## Problem requirements:
Among the entries below, retype exactly the lines starting with the one with "1978 Washington Quarter" and going on through the one with "assignées à 1 ou", but not the pictures.

## Stored dataset items:
- - -
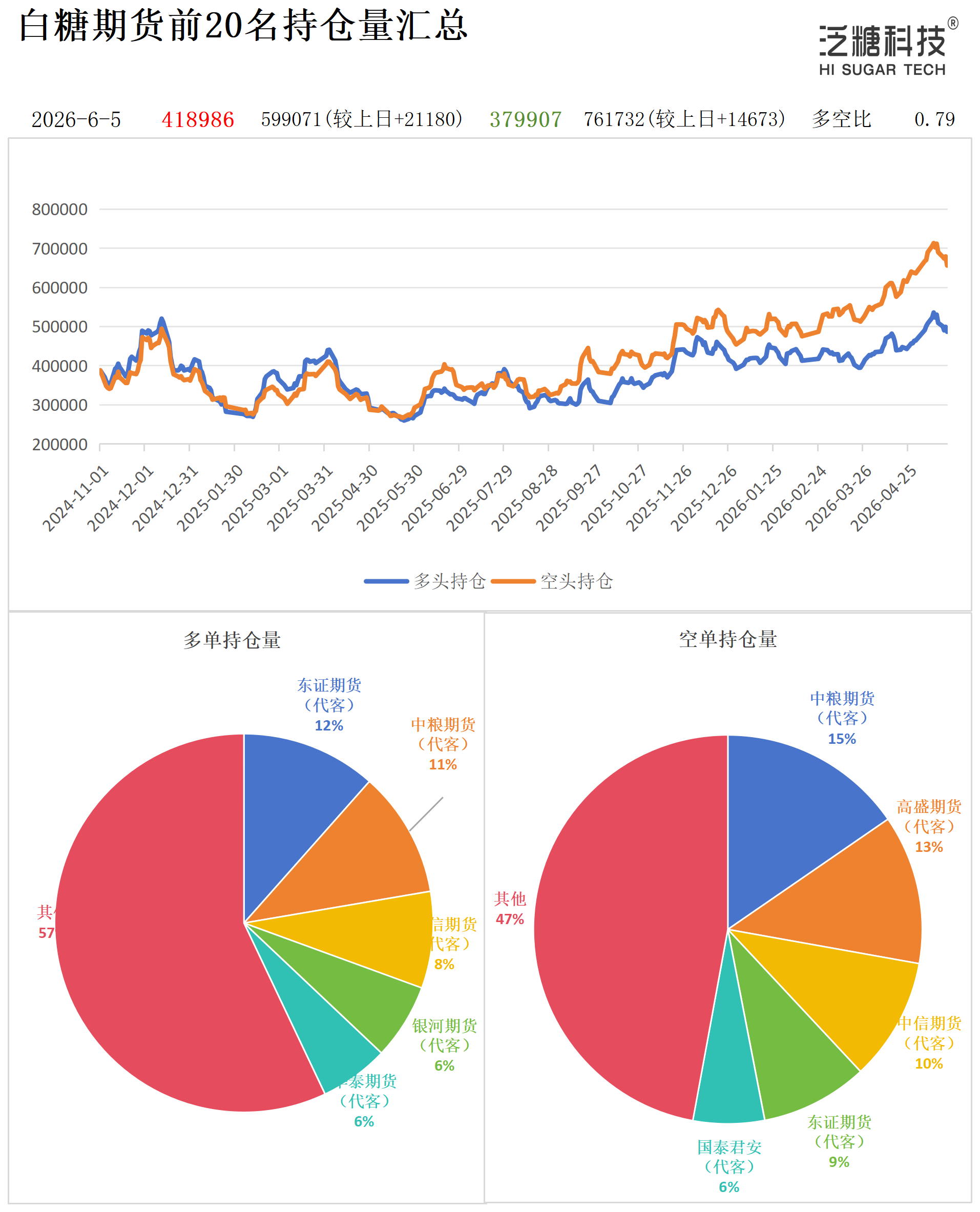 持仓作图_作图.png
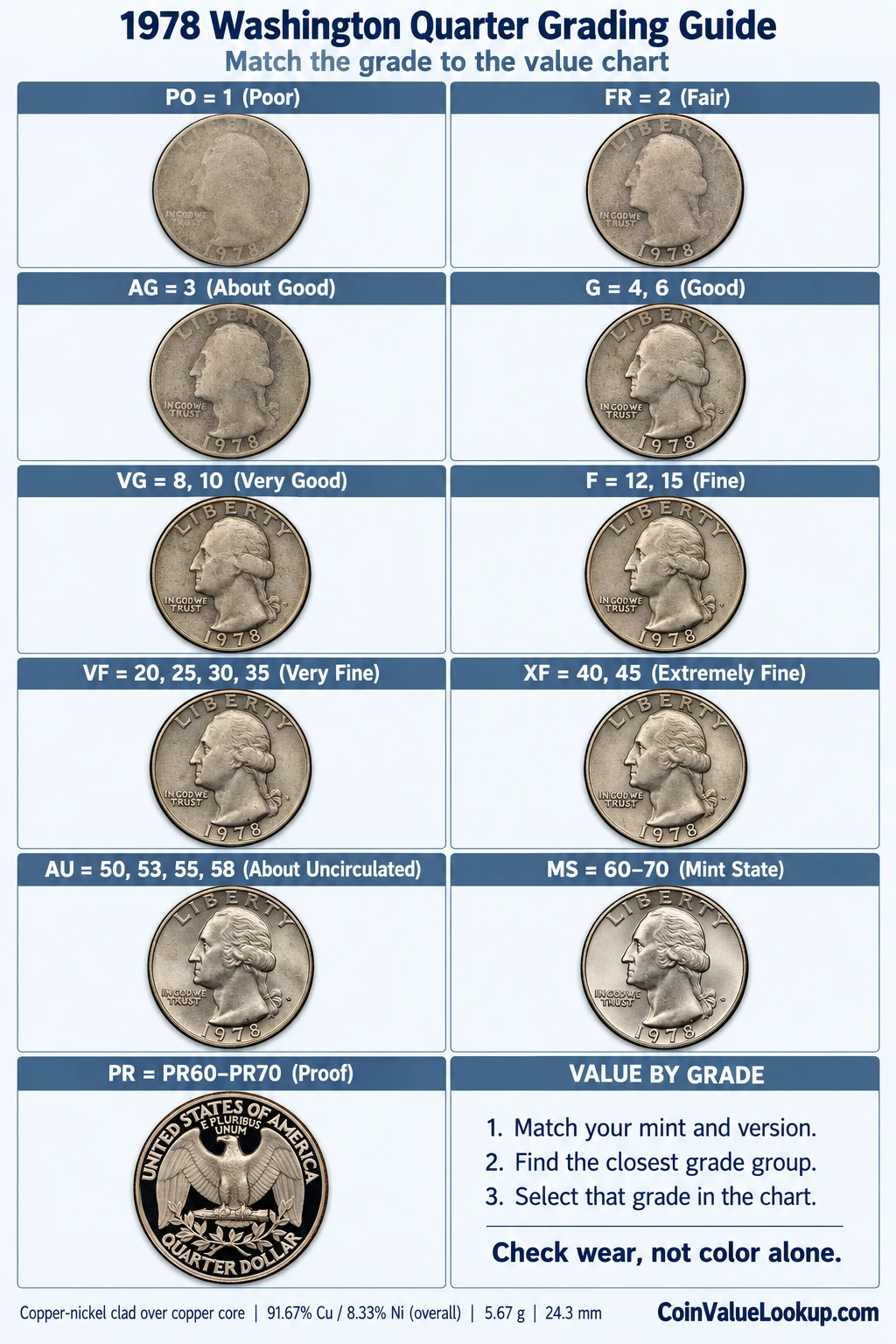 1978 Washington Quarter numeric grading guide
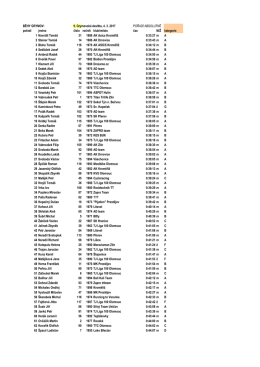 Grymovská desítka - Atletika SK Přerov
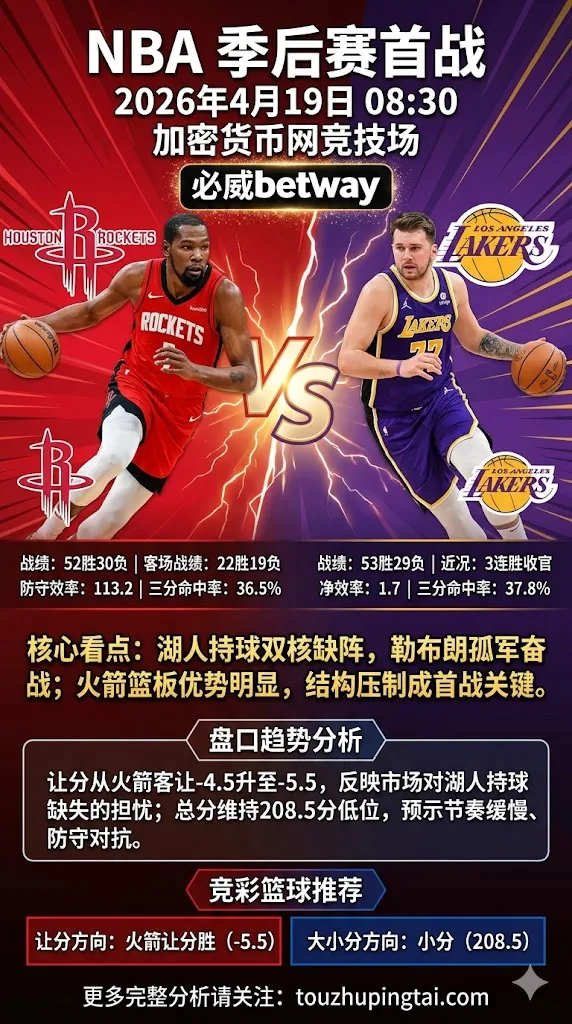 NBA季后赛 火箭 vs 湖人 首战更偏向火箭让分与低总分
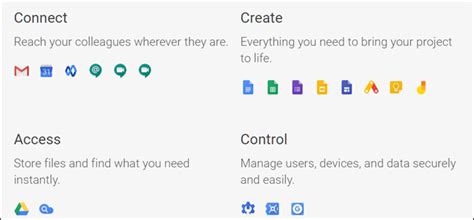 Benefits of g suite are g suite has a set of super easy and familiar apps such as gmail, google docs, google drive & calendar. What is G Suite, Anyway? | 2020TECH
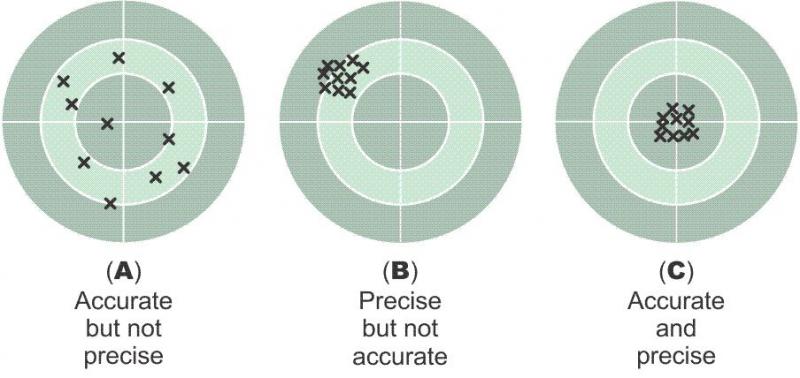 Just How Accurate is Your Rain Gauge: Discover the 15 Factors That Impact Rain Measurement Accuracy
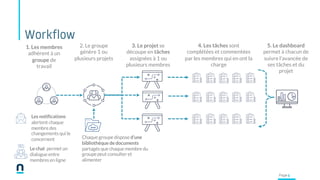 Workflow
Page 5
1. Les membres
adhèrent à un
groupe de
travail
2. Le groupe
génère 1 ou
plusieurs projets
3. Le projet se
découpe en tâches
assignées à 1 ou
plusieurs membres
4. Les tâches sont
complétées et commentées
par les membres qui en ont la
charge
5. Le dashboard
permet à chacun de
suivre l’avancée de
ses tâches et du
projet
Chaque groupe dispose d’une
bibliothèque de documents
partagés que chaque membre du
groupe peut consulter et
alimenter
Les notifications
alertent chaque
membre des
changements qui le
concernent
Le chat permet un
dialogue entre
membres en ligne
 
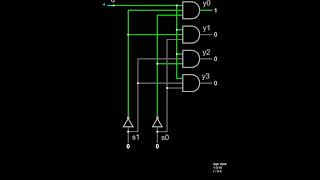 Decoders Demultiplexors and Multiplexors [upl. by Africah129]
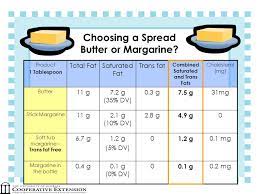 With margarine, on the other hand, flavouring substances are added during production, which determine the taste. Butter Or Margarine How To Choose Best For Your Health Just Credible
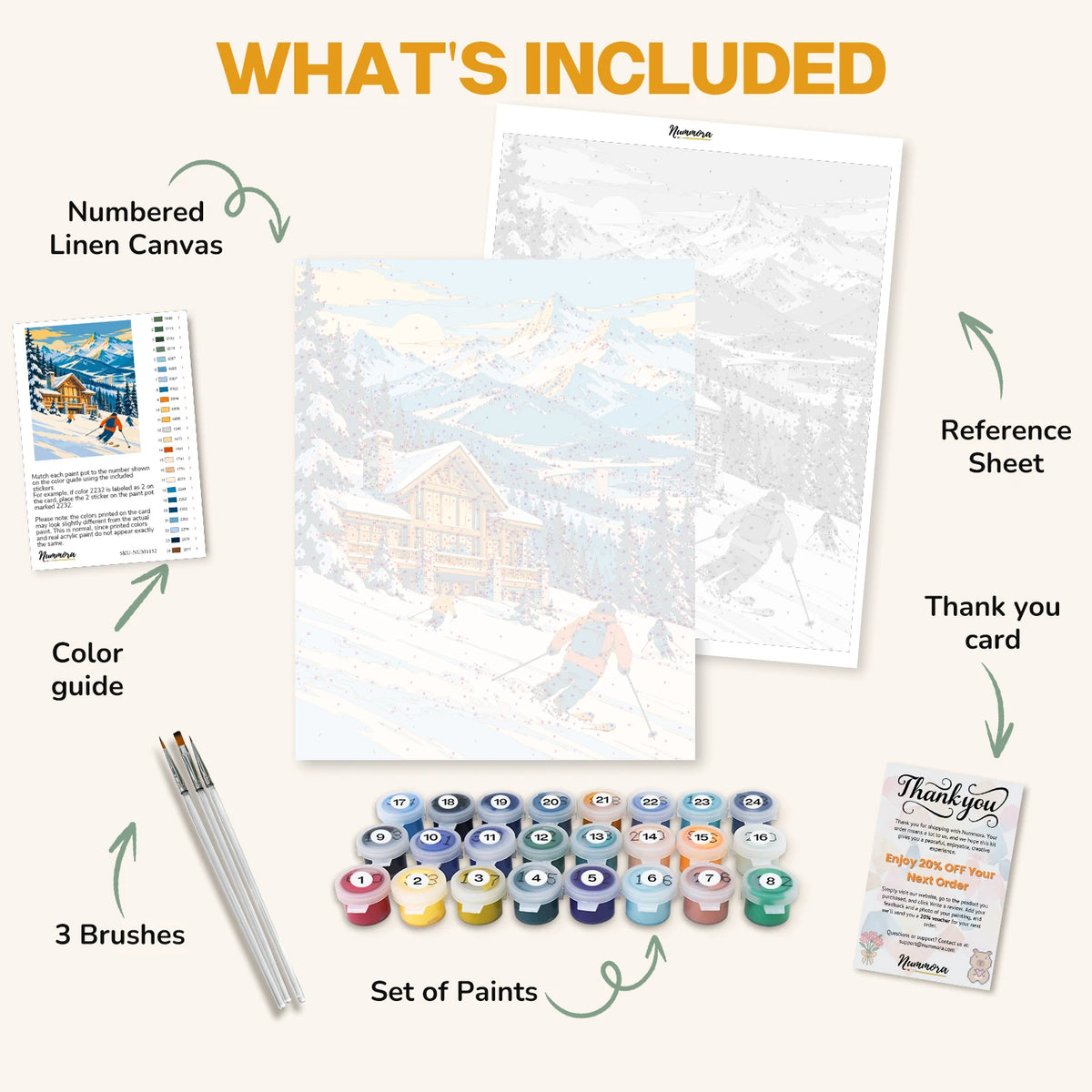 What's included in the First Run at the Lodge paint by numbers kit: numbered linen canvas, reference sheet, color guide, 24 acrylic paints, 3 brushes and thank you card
- - -
## Answer to the problem:
 1978 Washington Quarter numeric grading guide
 Grymovská desítka - Atletika SK Přerov
 NBA季后赛 火箭 vs 湖人 首战更偏向火箭让分与低总分
 Benefits of g suite are g suite has a set of super easy and familiar apps such as gmail, google docs, google drive & calendar. What is G Suite, Anyway? | 2020TECH
 Just How Accurate is Your Rain Gauge: Discover the 15 Factors That Impact Rain Measurement Accuracy
 Workflow
Page 5
1. Les membres
adhèrent à un
groupe de
travail
2. Le groupe
génère 1 ou
plusieurs projets
3. Le projet se
découpe en tâches
assignées à 1 ou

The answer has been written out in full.